SUPPLEMENTAL RELEASE
Exhibit 10.32
EXECUTION COPY
This Supplemental Release (the “Agreement”) is entered into by and between Xxxxxx X. Xxxxxx (“Employee”) and Polycom, Inc. (“Company”) (jointly referred to as the “Parties”):
1. Transition Agreement. The Company and Employee agree that the terms of this Agreement supersede and replace the Transition Agreement entered into between the Company and Employee as of August 9, 2007, in its entirety.
2. Termination Date. The Company and Employee agree that Employee will terminate employment on January 9, 2008 (the “Termination Date”).
3. Consideration. As consideration for this Agreement and the non-compete and non-solicit provisions in this Agreement, the Company hereby agrees to pay Employee the following amounts:
(a) Initial Payment. The Company agrees to pay Employee a lump sum amount of Eighty-Six Thousand Nine Hundred and Seventy-Five Dollars ($86,975), less applicable withholdings, and less amounts already earned by Employee as salary from January 1, 2008, through the Termination Date (the “Initial Supplemental Payment”). The Initial Supplemental Payment will be made to Employee on or before the tenth (10th) business day following the Effective Date of this Agreement.
(b) Severance. The Company agrees to pay Employee a lump sum amount of Six Hundred Sixty-Eight Thousand Three Hundred and Twenty-Seven Dollars ($668,327), less applicable withholdings (the “Severance Payment”). The Severance Payment will be made to Employee on or before the tenth (10th) business day following the Effective Date of this Agreement.
(c) COBRA. The Company agrees to reimburse Employee a lump sum amount equal to the COBRA premiums covering the period beginning February 1, 2008 and continuing through the end of September 30, 2008, provided Employee elects to continue health insurance under COBRA (the “COBRA Payment”). The COBRA Payment will be made to Employee on or before the tenth (10th) business day following the Effective Date of this Agreement.
(d) Quarterly Bonus. The Company agrees to pay Employee a lump sum amount equal to 50% of the estimated annualized quarterly incentive payment (1/8th of the total annual incentive payment) in the amount of Twenty-Six Thousand and Ninety-Two Dollars and Fifty Cents ($26,092.50) (the “Quarterly Bonus Payment”) under the provisions and performance goals as pursuant to the then-applicable Bonus Plan. The Quarterly Bonus Payment will be made to Employee on or before the tenth (10th) business day following the Effective Date of this Agreement.

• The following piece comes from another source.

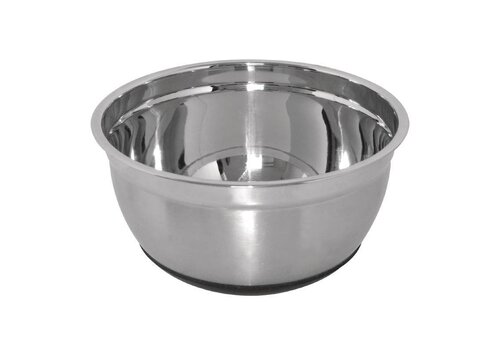  Vogue Horeca RVS kommen silicone bodem | 8 liter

(e) 2007 Annual Bonus. The Company agrees to pay Employee a lump sum amount equal to the applicable remaining portion of the annual bonus payment pursuant to the then-applicable Bonus Plan, in the amount actually earned thereunder pursuant to the terms and
conditions thereof, less applicable withholdings (the “Annual Bonus Payment”). The Annual Bonus Payment will be made to Employee in February of 2008, pursuant to the payment schedule of the then-applicable Bonus Plan to other participants therein, but in no event will payment be made after March 10, 2008.

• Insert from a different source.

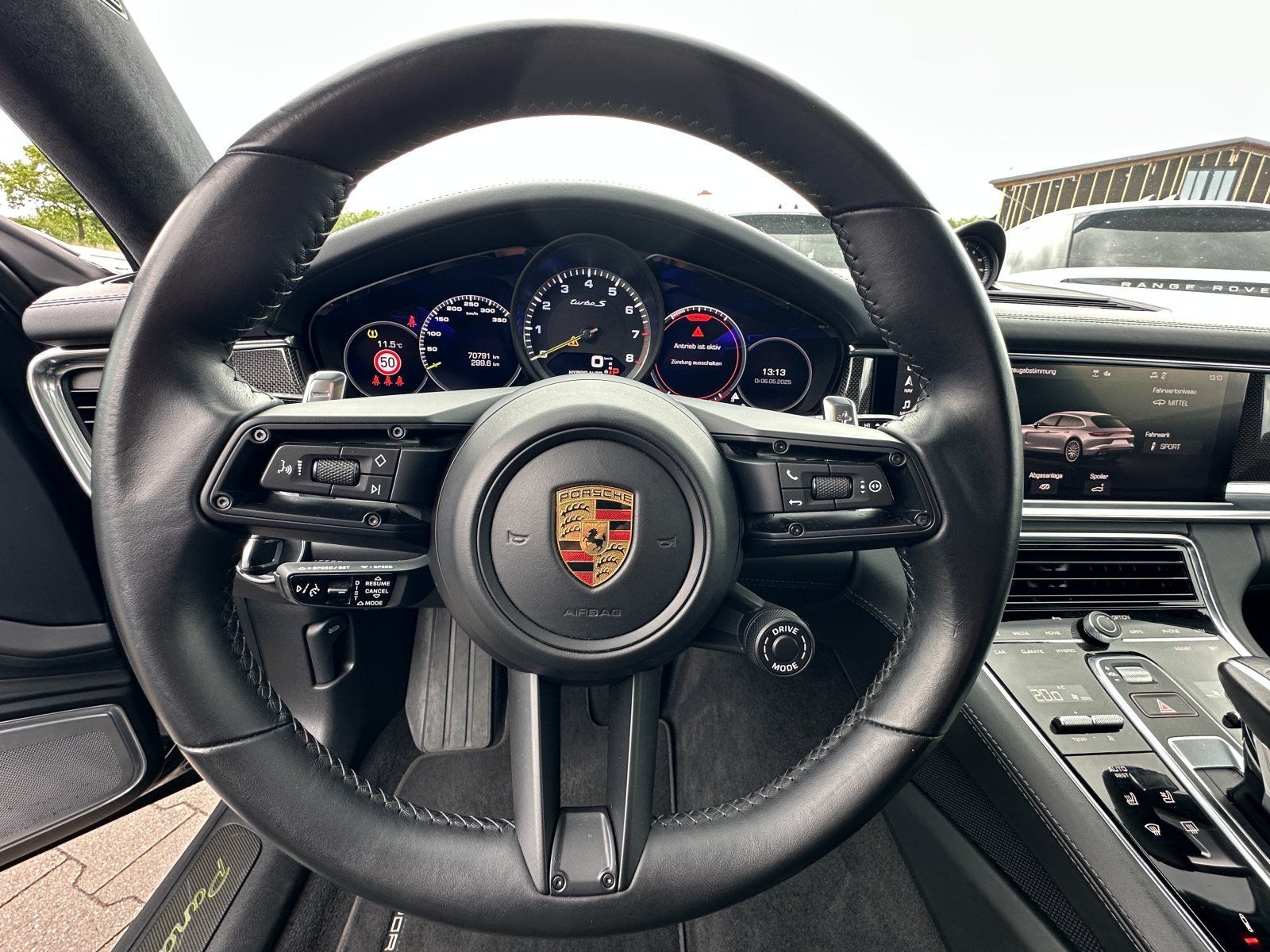 Porsche Panamera GT Turbo S E-Hybrid  Voll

(f) Company Devices. After the Effective Date, the Company shall allow Employee to keep his Company-issued mobile phone, PDA and laptop computer (jointly the “Company Devices”). The Company will issue an Internal Revenue Service Form 1099 to Employee for the purpose of reporting the fair market value of the Company Devices.
(g) Paid Time Off. The Company will pay Employee any outstanding paid time off as of January 9th 2008 on or before the tenth (10th) business day following the Effective Date of this Agreement.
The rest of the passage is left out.